WORK INSTRUCTION >>
Only the pictures are to be dropped, and the rest of the data should be copied exactly.

COLLECTED DATA >>
☆ ☆ ☆ ☆ ☆

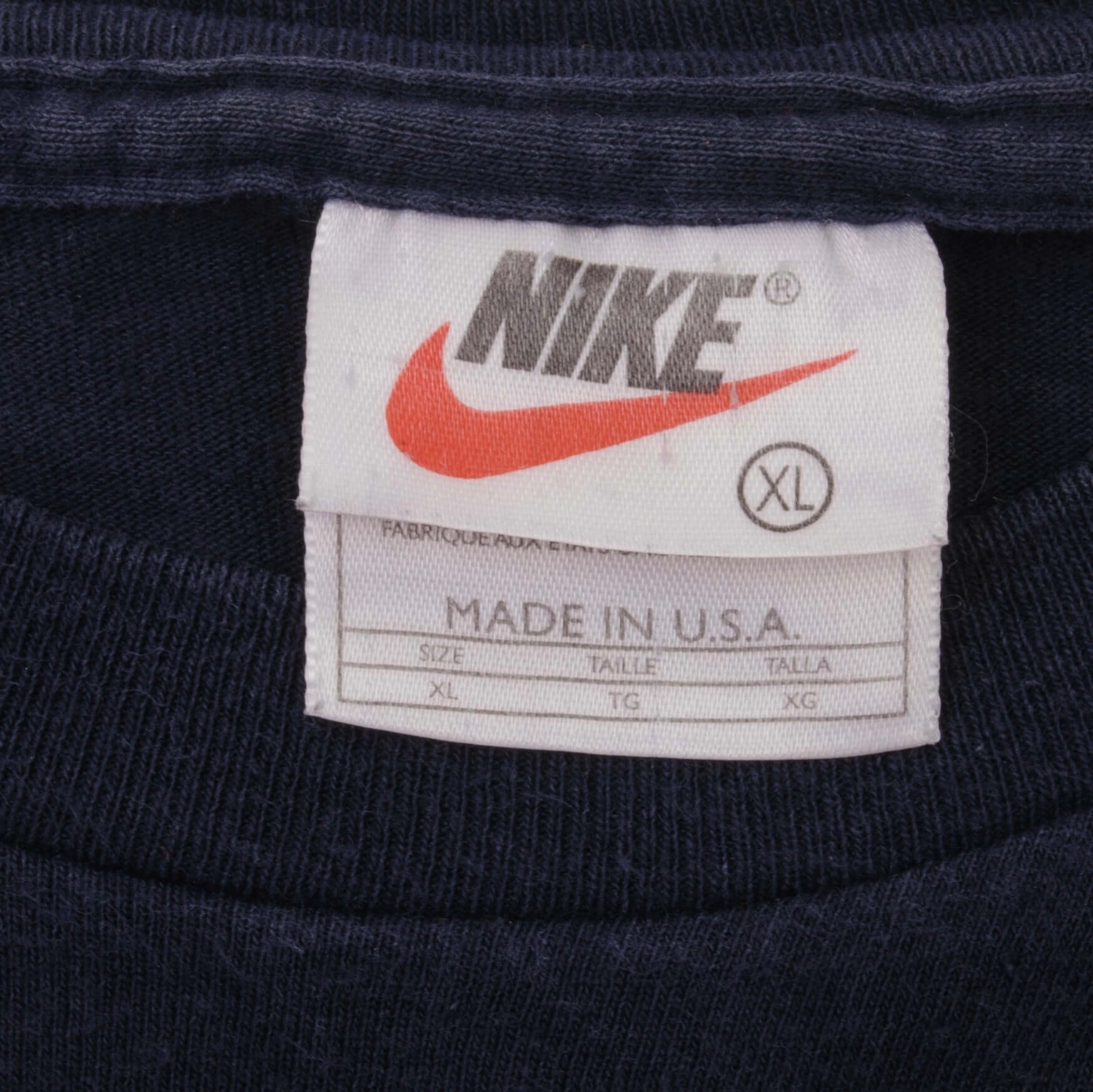 VINTAGE NIKE BIG SWOOSH BLUE TEE SHIRT LATE 1990S SIZE XL MADE IN USA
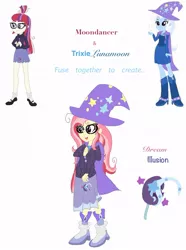 Size: 770x1037 | Tagged: safe, artist:doraemonfan4life, derpibooru import, moondancer, trixie, oc, equestria girls, boots, cape, clothes, equestria girls-ified, fusion, glasses, hat, high heel boots, multiple arms, shoes, socks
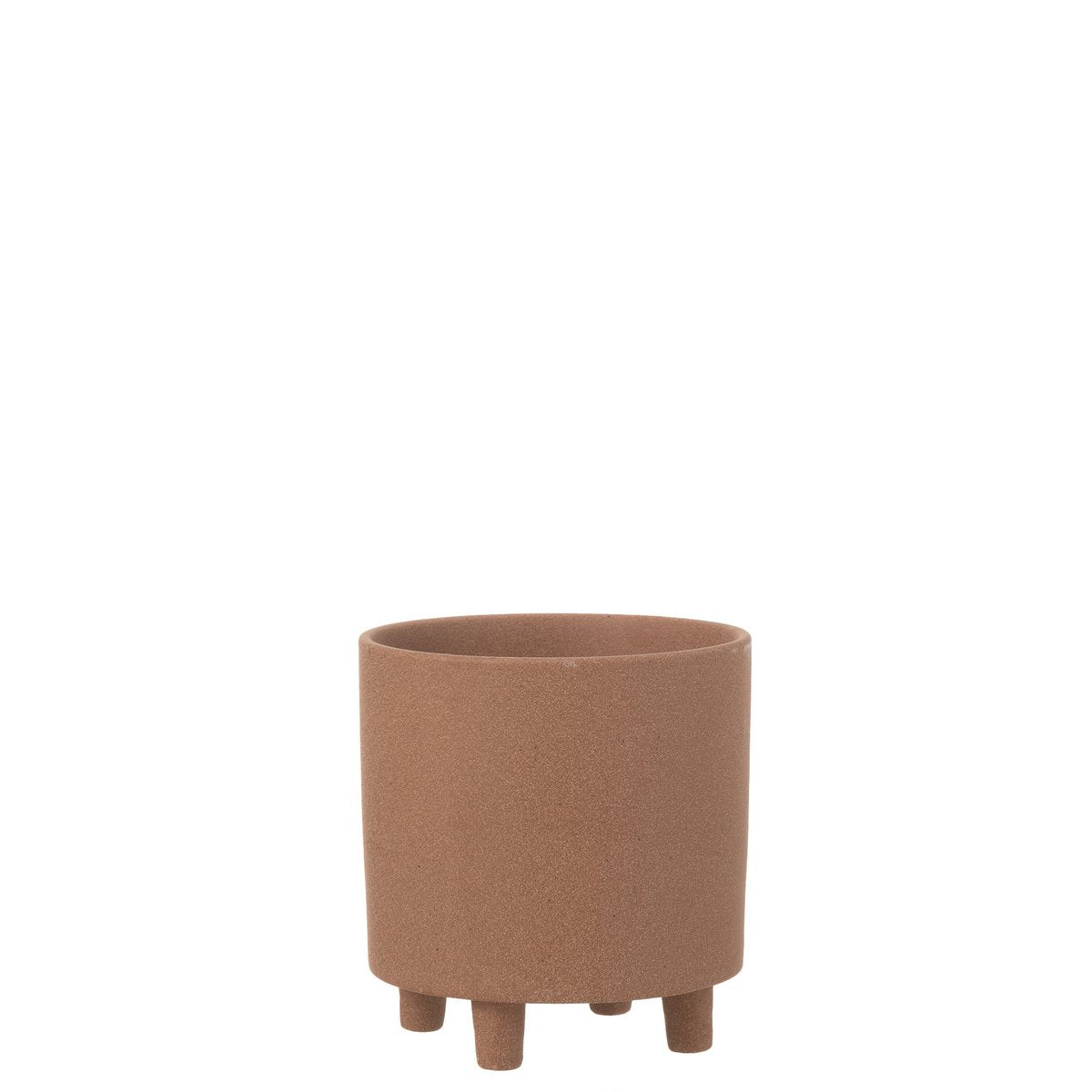 Pot de fleurs Thibault en céramique marron, vue latérale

☆ ☆ ☆ ☆ ☆

OUTPUT OF THE EXERCISE >>
 VINTAGE NIKE BIG SWOOSH BLUE TEE SHIRT LATE 1990S SIZE XL MADE IN USA
 Size: 770x1037 | Tagged: safe, artist:doraemonfan4life, derpibooru import, moondancer, trixie, oc, equestria girls, boots, cape, clothes, equestria girls-ified, fusion, glasses, hat, high heel boots, multiple arms, shoes, socks
 Pot de fleurs Thibault en céramique marron, vue latérale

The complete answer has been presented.